Presbyopia is a common, age-related vision condition in which people have difficulty focusing on things up close. It involves the gradual loss of the eye’s ability to focus on close objects, such as smart phones, computers, books and menus.
Almost everyone will experience presbyopia to some degree as they age, with symptoms often first appearing as an individual enters their 40s and continues to worsen into their 60s.
In the U.S., an estimated 112 million people experience vision issues due to presbyopia – a number that’s expected to continue increasing.
The condition is not a disease, so it cannot be cured; however, there are safe and effective ways to correct presbyopia, including eye glasses, contact lenses or refractive surgery.
About the AcrySof® IQ Vivity™ IOL
The non-diffractive AcrySof® IQ VivityTM Extended Vision Posterior Chamber Intraocular Lens Model DFT015 (referred to as AcrySof® IQ VivityTM IOL) is a UV-absorbing and blue light filtering foldable intraocular lens (IOL). This IOL, compared to a monofocal IOL, provides an extended range of vision from distance to near without increasing the incidence of visual disturbances.
Potential side effects: As with any surgery, there is an implicit risk, whether or not the IOL is implanted.
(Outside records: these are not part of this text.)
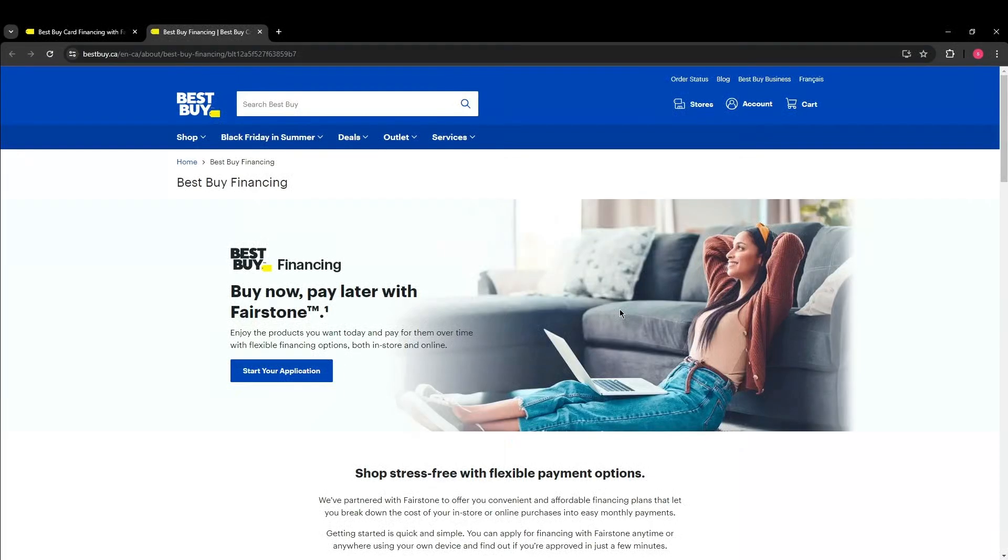Now here you will be taken to a page where you can start your application for Fairstone Financing. Once your application is approved, you will be able to use Fairstone for purchases on Best Buy.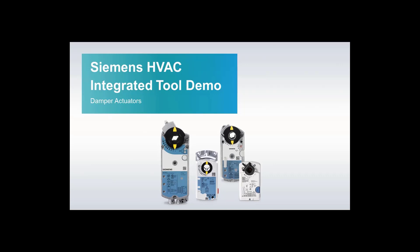This demo video is going to show you how to use HIT for selecting damper actuators by using the Torque Calculation Tool and by inputting required specifications.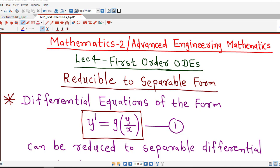Hello friends, I welcome you in lecture number 4 on first order ordinary differential equations. In this lecture we are going to discuss differential equations which can be converted into separable differential equations. There are some transformations which we can use, and we will discuss them one by one.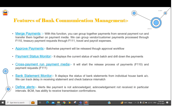Then we have the cross payment run media feature. Once we have reached the final level of approval, we can generate the payment media file — in XML or flat file format — which we can send to the bank. Similarly, we can monitor bank statements coming from the bank, check if we are receiving them on time, and if there is any difference — for example, the balance in our SAP system not matching the bank statement balance — the system will give us a red indicator.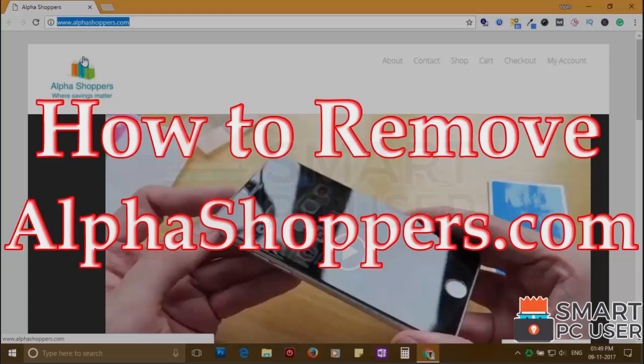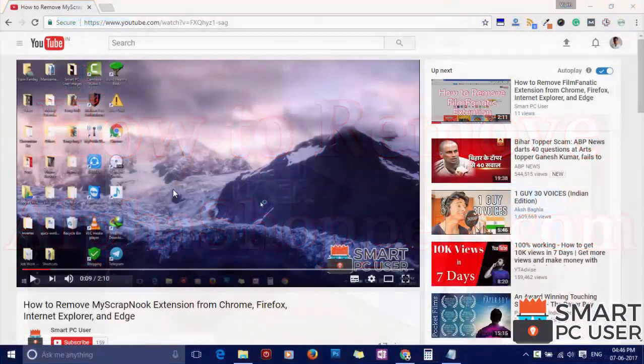Alphaswappers.com is a browser hijacker that attacks all browsers on a Windows PC. In this video, we will see how to remove alphaswappers.com from all browsers at once.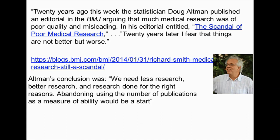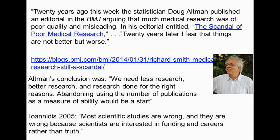John Ioannidis puts it even more strongly: most scientific studies are wrong, and they are wrong because scientists are interested in funding and careers rather than truth. He is not talking about all of science — not physics, not hardcore biophysics — but in some areas it is at least true. No amount of statistical jiggery-pokery will combat the basic cause, which is the pressure to publish. That culture has to change if science is to retain any sort of reputation.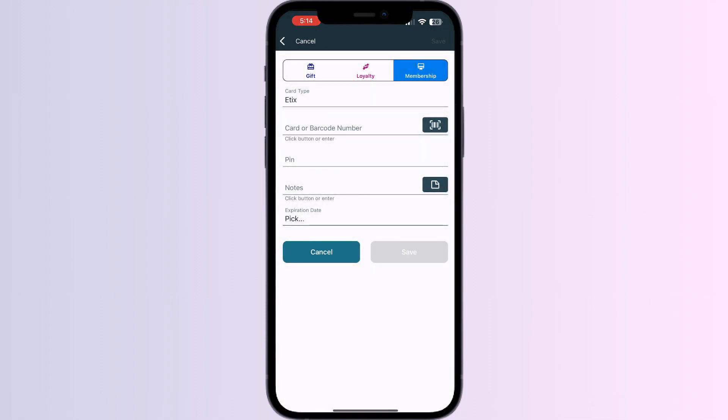After doing this, click on save. Once you have saved it, you will see a button to add it to Apple Wallet. Click on it and your card will be successfully added to your Apple Wallet.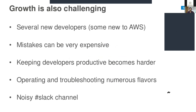So what are the challenges once your product is in the market and you have a large number of users? You have several new developers, some of whom may be new to AWS, so you have to train them. If you're hiring any new person to work on your application in AWS, they should have some idea about AWS services before you train them on your application.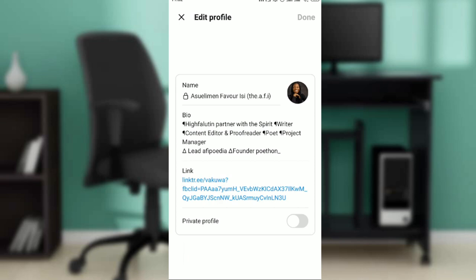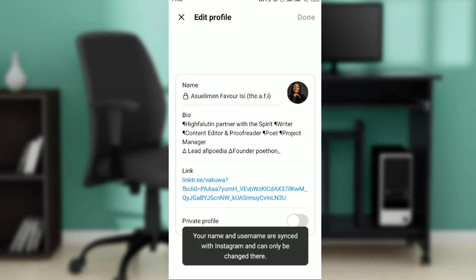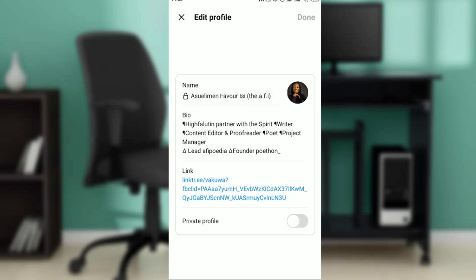Click on the Edit Profile button and a new window will pop up showing your name. This is my name: Audrey's Favour. Click on it and it says your name and username are synced to Instagram and can only be changed there.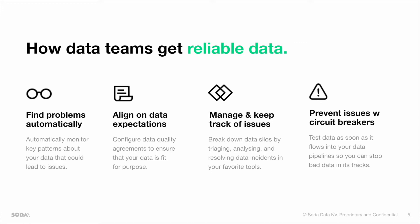Whenever any check is failing, we offer you capabilities to easily manage and keep track of those issues. Last, we allow you to easily collaborate with your data engineering teams by providing capabilities to them, which allow them to insert circuit breakers into your data pipelines, producing your data, so you can stop bad data from flowing through and prevent issues in the future.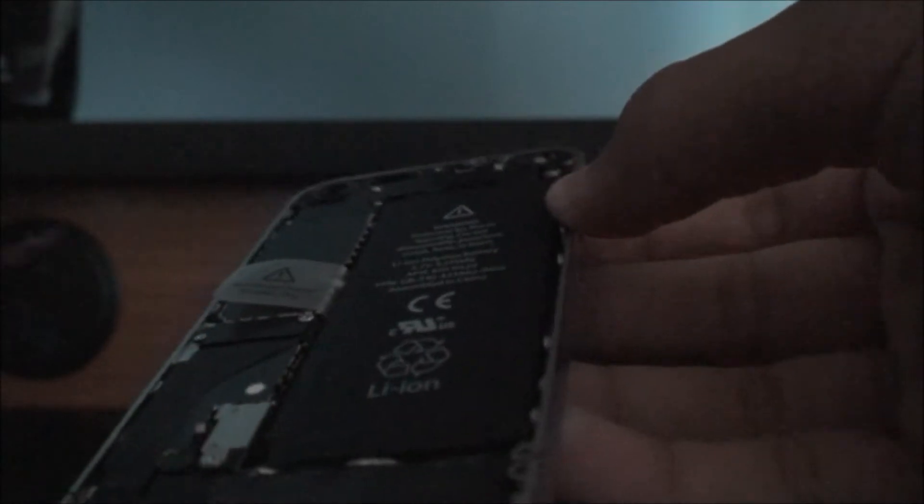So now you take your new backplate right here. You put it about a centimeter, like that.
The complications of the IOL implantation surgery ranges from minor side effects (usually temporary) to serious complications.
Patients with previous illnesses or disorders (such as chronic infections of the eye or eyelids, or diabetes) may present a higher risk of complications.
Temporary surgical complications include, but are not limited to, reactions to medications such as irritation or mild allergic response, bleeding, redness, itching of the eye, sensitivity to light, swelling, corneal edema (swelling of the cornea), problems with the iris, cell growth in the IOL, and an increase temporary eye pressure.
There is a small risk of needing further surgical treatment (such as IOL replacement implanted by a different one or surgery to improve vision) after the implantation of the initial IOL.